Last year, over 90 cases of cybercrime have been logged, but the police said there could possibly be more since many incidents remained unreported because of the shame that comes along with being duped or the fact that people may still be unaware of the means to report these cases.
Here’s what you Need to Know to Avoid Becoming the Next Cybercrime Victim in the UAE
For instance, a victim who lost AED 2 million last year didn’t approach the police. As per Ibrahim Al Ajill, director of CID at the Sharjah Police, “the victim handed over the amount to someone he met on social media after being promised that it would be doubled to AED 4 million”, as shared in a report by the Khaleej Times.
“Because the victim felt ashamed, he didn’t call the police” Al Ajill said.
The police further stressed that anybody can become a victim of cybercrime. According to the police, there were young university students who had been tricked into sending inappropriate photos, only to be subjected to extortion later. Elderly residents were also being blackmailed. And, surprisingly, even the educated fall into the trap, another officer mentioned.

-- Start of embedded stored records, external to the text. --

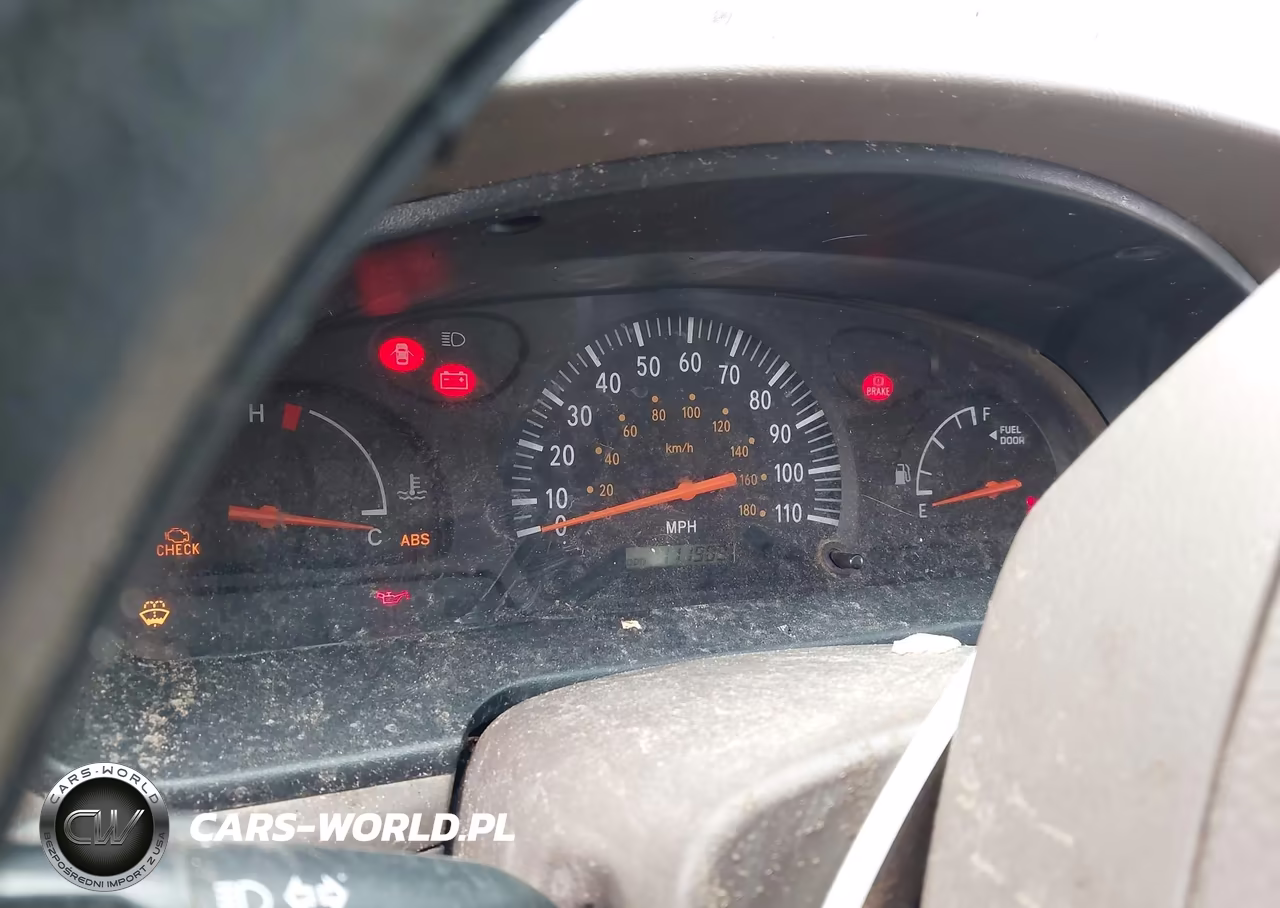 2003 Toyota Tundra VIN:5TBJN321X3S336715 - 7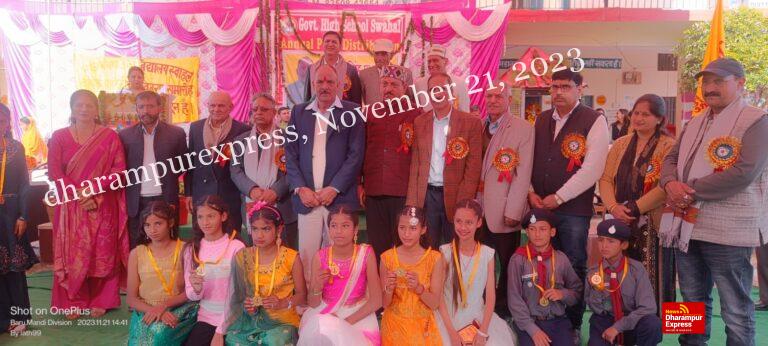 कुलदीप सिंह पठानिया ने स्वाहल स्कूल के मेधावी विद्यार्थियों को बांटे पुरस्कार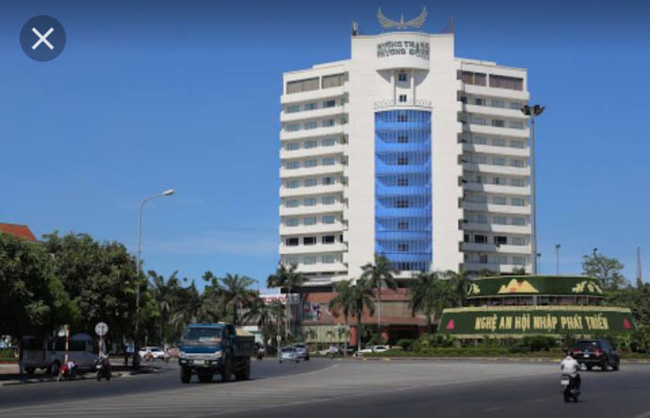 Nghi vấn phó phòng Kế toán Đại học Sư phạm kỹ thuật Vinh tử vong sau khi ngã từ tầng 8 khách sạn-1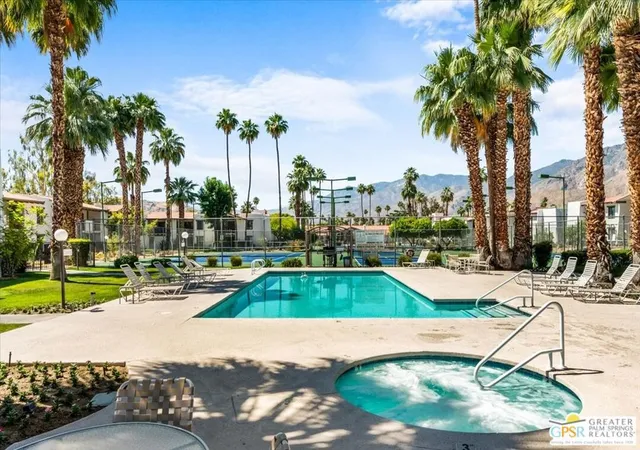 1050-e-ramon-rd-34-palm-springs-ca-92264/hzid_128c61dd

Commenting on this, Abdul Aziz Al Jarwan, head of the organised crime department, explained that social media is the main tool used by fraudsters.
Al Jarwan added, “A criminal would initially show interest in getting to know a target victim. Image requests and video conversations would follow this. Then, once scammers get the opportunity, they could start blackmailing their victims, telling them they would upload and circulate private photos and videos if they don’t give in to their demands.”
Of note, the Sharjah Police added that even mobile phone shops can be a ‘gold mine’ for blackmailers. Unsuspecting customers, who just want to either sell old units or have their phones fixed, can easily become victims.
To this, Al Ajill shared that any blackmailing case – no matter how it happened or what the blackmailers are saying – must be reported to the authorities. In fact, failure to notify the police can also be an offence.
The Penal Code and the Cybercrime Law in the UAE imposes hefty penalties on cybercriminals, including jail time, a fine of up to AED 1 million, and deportation for foreign nationals.
To report an incident, members of the public can call the Sharjah Police’s dedicated number and e-mail for cybercrimes: 065943228 or at tech_crimes @shjpolice.gov.ae.